Loading the Data (Digits Dataset)

The digits dataset is one of datasets scikit-learn comes with that do not require the downloading of any file from some external website. The code below will load the digits dataset.

from sklearn.datasets import load_digits
digits = load_digits()

Now that you have the dataset loaded you can use the commands below

# Print to show there are 1797 images (8 by 8 images for a dimensionality of 64)
print("Image Data Shape" , digits.data.shape)

# Print to show there are 1797 labels (integers from 0-9)
print("Label Data Shape", digits.target.shape)

to see that there are 1797 images and 1797 labels in the dataset

Showing the Images and the Labels (Digits Dataset)

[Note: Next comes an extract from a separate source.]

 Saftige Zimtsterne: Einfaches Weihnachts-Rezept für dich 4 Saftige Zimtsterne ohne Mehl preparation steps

This section is really just to show what the images and labels look like. It usually helps to visualize your data to see what you are working with.

import numpy as np 
import matplotlib.pyplot as plt

plt.figure(figsize=(20,4))
for index, (image, label) in enumerate(zip(digits.data[0:5], digits.target[0:5])):
    plt.subplot(1, 5, index + 1)
    plt.imshow(np.reshape(image, (8,8)), cmap=plt.cm.gray)
    plt.title('Training: %i\n' % label, fontsize = 20)

Visualizing the Images and Labels in our Dataset

Splitting Data into Training and Test Sets (Digits Dataset)

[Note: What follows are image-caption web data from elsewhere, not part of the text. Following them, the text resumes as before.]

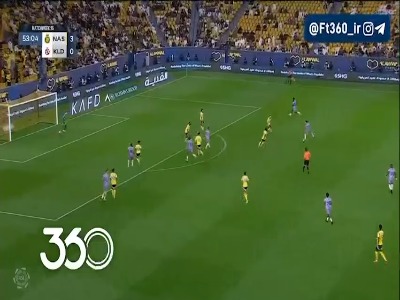 ضربه خطرناک کویادو؛ النصر 3-0 الخلود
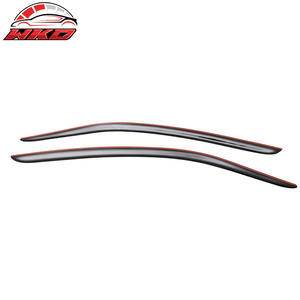 Visera para Ventana con Tinte Ahumado para Subaru Brz Toyota 86 2013-2020, Acrílico, 2 Piezas, Protector de Ventilación para Automóvil - Product Image 3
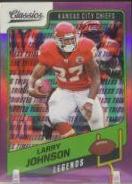 Larry Johnson [Premium Edition Timeless Tributes Purple] #135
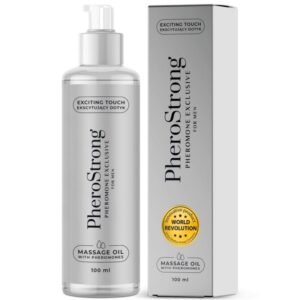 PHEROSTRONG – ÓLEO DE MASSAGEM EXCLUSIVO HOMEM 100 ML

We make training and test sets to make sure that after we train our classification algorithm, it is able to generalize well to new data.

from sklearn.model_selection import train_test_split
x_train, x_test, y_train, y_test = train_test_split(digits.data, digits.target, test_size=0.25, random_state=0)

Scikit-learn 4-Step Modeling Pattern (Digits Dataset)

Step 1. Import the model you want to use

In sklearn, all machine learning models are implemented as Python classes

from sklearn.linear_model import LogisticRegression

Step 2. Make an instance of the Model

# all parameters not specified are set to their defaults
logisticRegr = LogisticRegression()

Step 3. Training the model on the data, storing the information learned from the data

Model is learning the relationship between digits (x_train) and labels (y_train)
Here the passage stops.